Remember how you used to feel when you got a letter from the Tax Office?
Unless it contained a refund, you probably felt a bit like the late Sir David Frost, who memorably summed up the creed of Britain's Inland Revenue Service as: ''If we can bring one little smile to one little face today, then somebody's slipped up somewhere.''
It's not so much that the Tax Office doesn't know how to write nice letters, it's that those letters haven't made it easy to pay or submit the information that's needed. Until now.
Next week the Tax Office will go public with details of an extraordinary behind-the-scenes re-engineering of the way it interacts with the public.
It's borrowing ideas from Google, from behavioural economics and from psychologists. It even has some on staff.
Cheryl-Lea Field is the deputy commissioner in charge of service delivery (debt), which is another way of saying she is the chief debt collector.
She says the ATO used to be indifferent to the way its letters looked. It operated on the heroic assumption that ''because the law required people to do things they would'', she told me on the line from her Brisbane office.
It's a bit like economics. Until recently it overwhelmingly operated on the assumption that people did exactly what was in their interests. If it was in their interest to pay a bill on time they would, if it was in their interest to lose weight they would, and so on. That's all that mattered.

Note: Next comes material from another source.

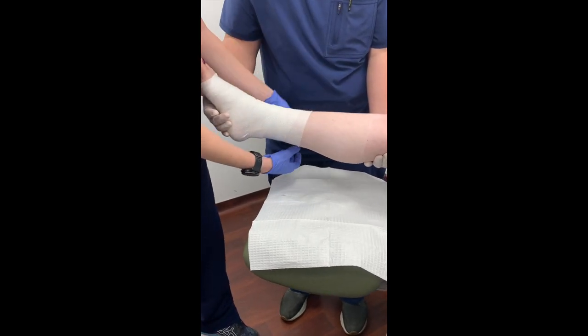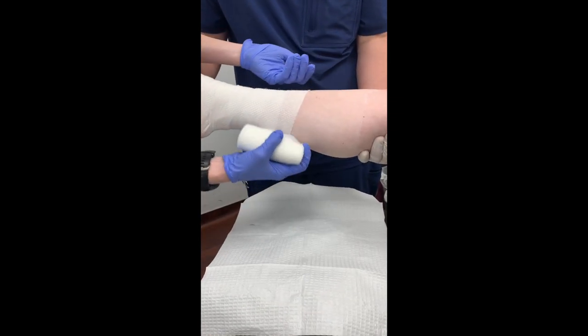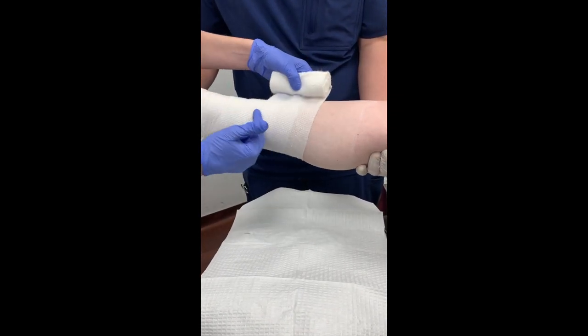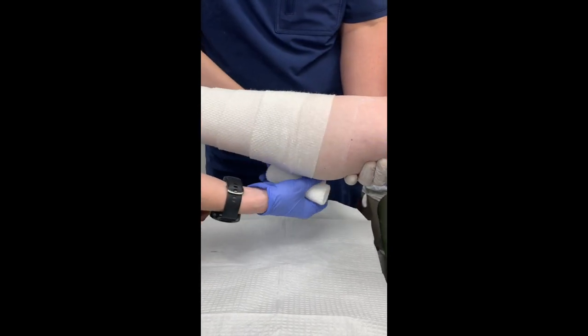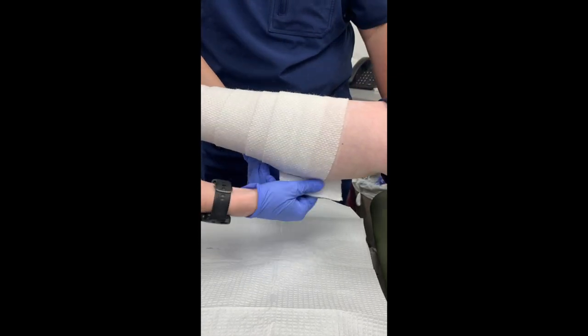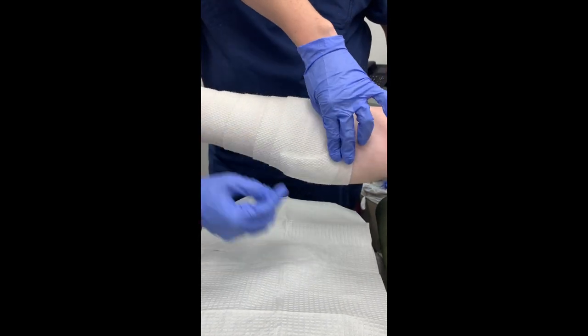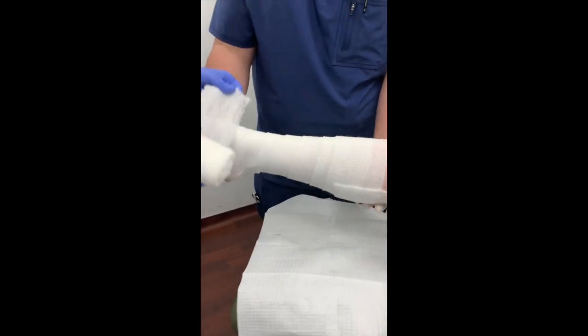You can put some compression through this layer, but the cast padding material is not going to provide a lot. The biggest thing is 50% coverage across every layer of the dressing. You could do the herringbone technique — that's the around-and-up, around-and-down technique — depending on the amount of compression you want. Then move on to your next layer: Curlex.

Until the incident involving cashews. In the late 1970s economist Richard Thaler had a group of graduate students around for dinner. While the food was cooking he brought out a large bowl of cashews.
''We started devouring them,'' he later explained. ''I could see that our appetites were in danger. After a while I hid the bowl in the kitchen. Everyone thanked me.''
And then it hit him. They shouldn't be thanking him if they really believed that human beings were rational. ''After all,'' he recalled in his biography, ''if we wanted to stop eating cashews, we could have done that at any time.''
With Amos Tversky and Daniel Kahneman (who went on to win the Nobel Prize in Economics) he founded the new science of behavioural economics. Its role was not to merely examine what people should do, but to examine what they actually did and identify the systematic ways it differed from what was rational.
As Field put it: ''Economists suddenly came to the conclusion that people don't act rationally.
So just because you say 'you have to pay on this date' or 'you have to lodge on this date', people don't necessarily do it.''
Taking the lead of Britain's Revenue Office (which got in quite early, perhaps stung by David Frost), the ATO has been quietly trialling different ways of asking for money.
It has set up a ''simulation centre'' in Brisbane to present pretend letters to real people and see how they react. It presents pretend web interfaces as well. Then, just as Google tests new search algorithms by randomly dishing them up to some customers and not others, it posts new letters to 1000 of its randomly selected customers and old ones to the rest.
The results, to be detailed in the Public Service Commission's state of the services report this month, are astounding.
Merely by removing some opening words and highlighting an ''amount due'' box, it has pushed up the response rate to one letter by 5 to 6 per cent. The phrase it removed was: ''Please disregard this letter if you have paid this debt in full in the last seven days.''
By including an extra phrase in a letter to small businesses it lifted their response rate 12 per cent. The phrase said most ''lodge on time''. It's also test marketing the phrase: ''Paying tax is a fair way for everyone to contribute to the Australian community.''
It's even changing the scripts it gives to its call centre operators. They have been told to state very clearly what the person calling them needs to do next, and repeat that statement at the end of the call.
The move to online tax filing will make fine tuning even easier. The ATO will be able to adjust its forms in real time. The Bureau of Statistics has found that people find it easier to fill in the census online even though it takes just as long with paper.
It's becoming easier to deal with government agencies because they are starting to treat us more nicely. They are absorbing the lesson reluctantly incorporated into economics - that we're not that rational, and we've got feelings.